*TRY IT:* As the output, give exactly the lines that run from the one with "Könnte beinhalten: Ein" through the end of the records below, and omit pictures.

*EXTRACTED RECORDS:*
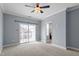 Bright bedroom featuring a ceiling fan, light blue walls, carpet, and a door to an outside deck at 10321 Sablewood Dr # 108, Raleigh, NC 27617
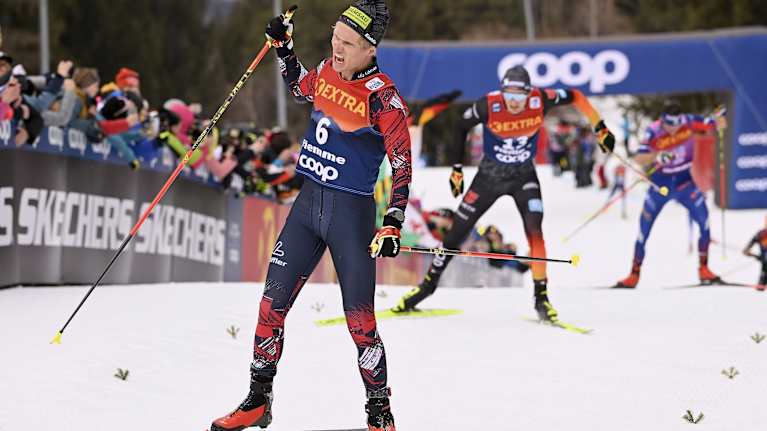 Mika Vermeulen celebrating at the summit of Alpe Cermis in 2025.
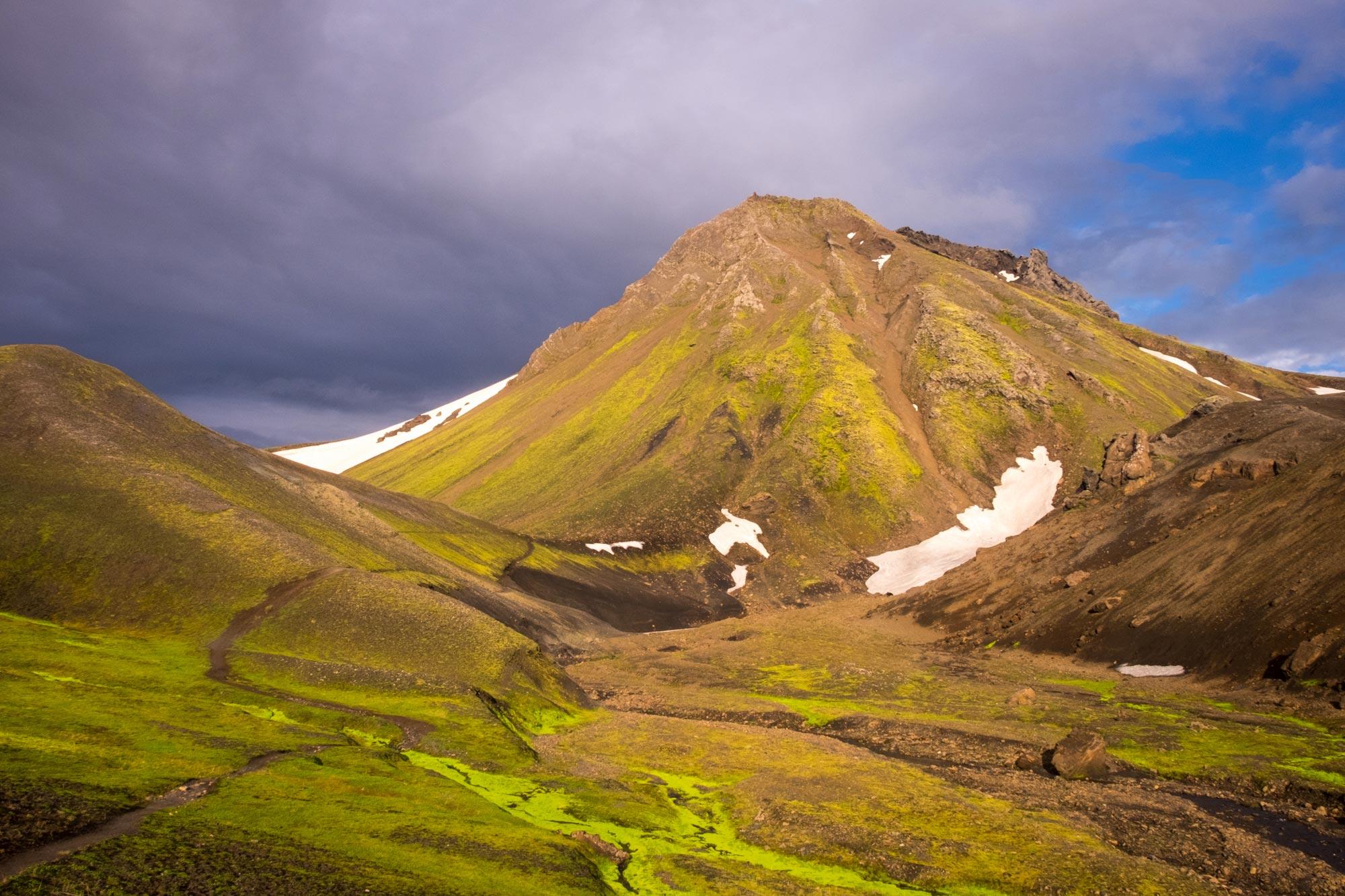 A green well grown mountain lit up by the sun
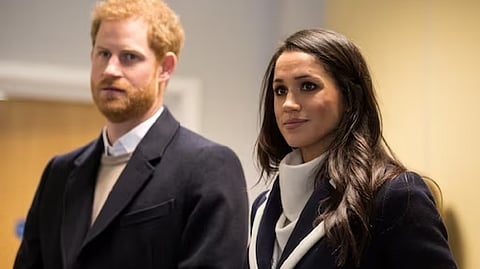Prince Harry and his wife Meghan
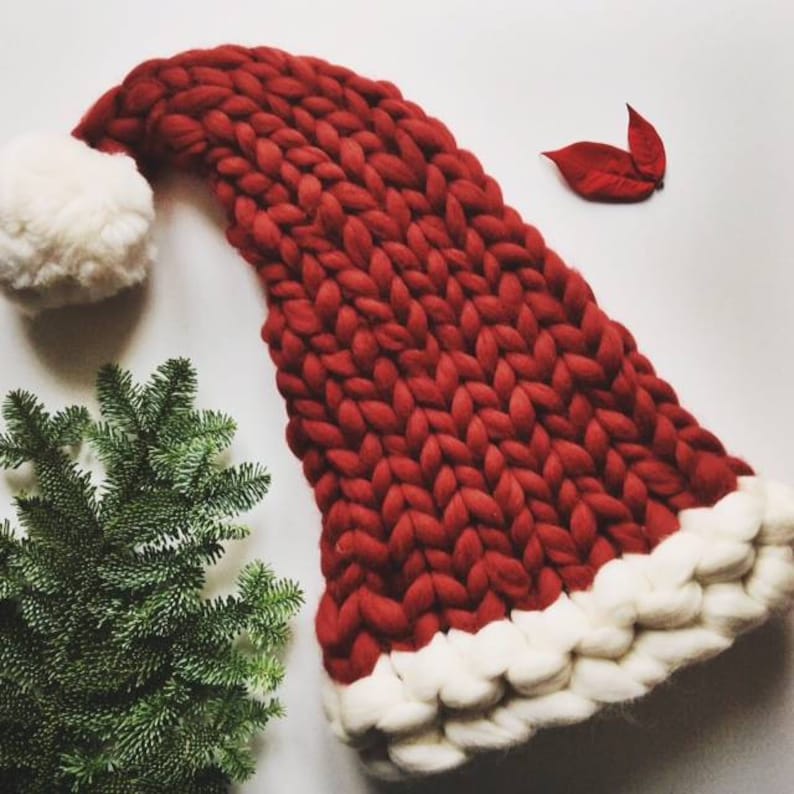 May include: A large, red knitted Santa hat with a white pom-pom on top and a white trim around the bottom.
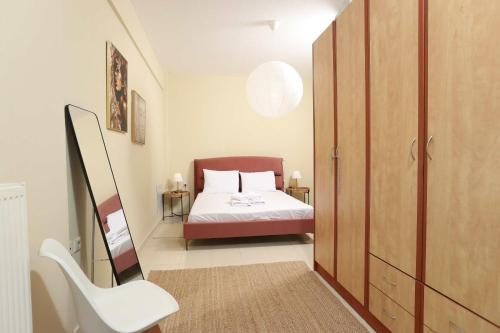 a small bedroom with a bed and a chair at The Blue Horizon House in Afitos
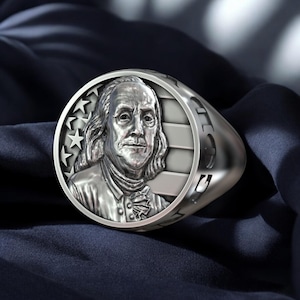 Könnte beinhalten: Ein silberner Ring mit einer runden Oberfläche, die ein Porträt von Benjamin Franklin vor dem Hintergrund der amerikanischen Flagge zeigt. Der Ring ist mit dem Wort "Freiheit" beschriftet.
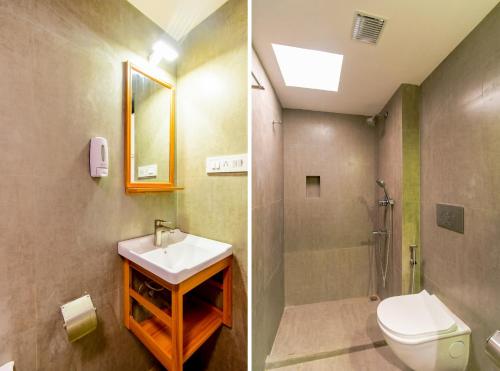 a bathroom with a toilet and a sink and a shower at Revaa Hotels in kolkata
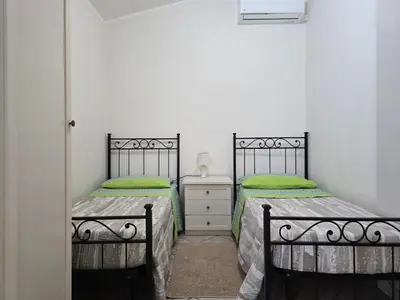 Letto o letti in una camera di Villa Sara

*SOLUTION TO THIS EXERCISE:*
 Könnte beinhalten: Ein silberner Ring mit einer runden Oberfläche, die ein Porträt von Benjamin Franklin vor dem Hintergrund der amerikanischen Flagge zeigt. Der Ring ist mit dem Wort "Freiheit" beschriftet.
 a bathroom with a toilet and a sink and a shower at Revaa Hotels in kolkata
 Letto o letti in una camera di Villa Sara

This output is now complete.